Thursday, July 9, 2015

Binar--Binar Sort, Binar Shuffle, and Binar Search the Big Three of Algorithms

The three areas of algorithms are sort (order data into a specific permutation), shuffle (scramble data into random permutation), search (structure data into indexed permutation).

Binar

Two of three algorithms are in the "binar" category. By binar is meant "binarY" not the two associations often with the word "binar" which are: The Bynar aliens from Startrek The Next Generation The Goa'uld Bynarr from Stargate SG-1.

Binar Algorithms

The binar sort orders any datum using a bit extraction function to partition the datum into M-partitions by exchange of the N-elements. The binar sort is like a quick sort in partitioning, only no pivot element, and from 2 <= M < N sub-arrays.

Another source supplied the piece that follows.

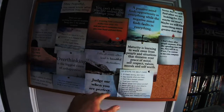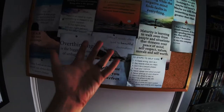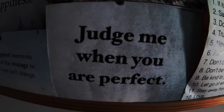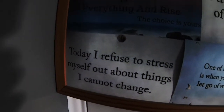Always keep a motivational board for yourself — because whenever you feel down, I know it sounds lame, but sometimes you like to just look up and have a read of some different things. Put something up every week. Judge me when you're perfect — who the fuck are you to judge me? You don't like this video? Get out of it. Today I refuse to stress myself about things I cannot change — I can't change if you don't like it, if you don't like this office, if you don't like the Phantom Butthole. I refuse to stress about things that I cannot change.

The binar shuffle scrambles datum by using a bit extraction function, but to randomly move and exchange data elements. One interesting property of the binar shuffle is reversibility--the binar shuffle is invertible. The final permutation can be returned to the original permutation (something I need to add, along with a basic proof in the research monograph) by an inverse function.

Binar Search

The simplest search is to use the binar sort to organize that data elements into an ordered permutation, and then use a binary search to find an element. The Big-Oh for such an algorithm is O(c*N) + O(M*lg N) where M is the number of searches, and N is the number of elements.

Consider the following values:

  • 2048-search operations, M=2048 or 2^12
  • 65536-elements, N=65536 or 2^16, lg N = 16 = 2^4

  • Complexity: O(c*2^16) + O(2^12 * 2^4) = O(c*2^16) + O(2^16) = O(2*c*2^16) or 2*c*2^16 or c*2^17

Thus the binar sort is efficient, but for a sufficiently large data set, and many searches the complexity of the binar sort-binary search approaches that of twice sorting the data elements. If the value of M increases beyond the value of N (which is logical to presume...more searches on the data set once ordered) the binary search becomes linearithmic when M >= N, or O(c*N) + O(N * lg N).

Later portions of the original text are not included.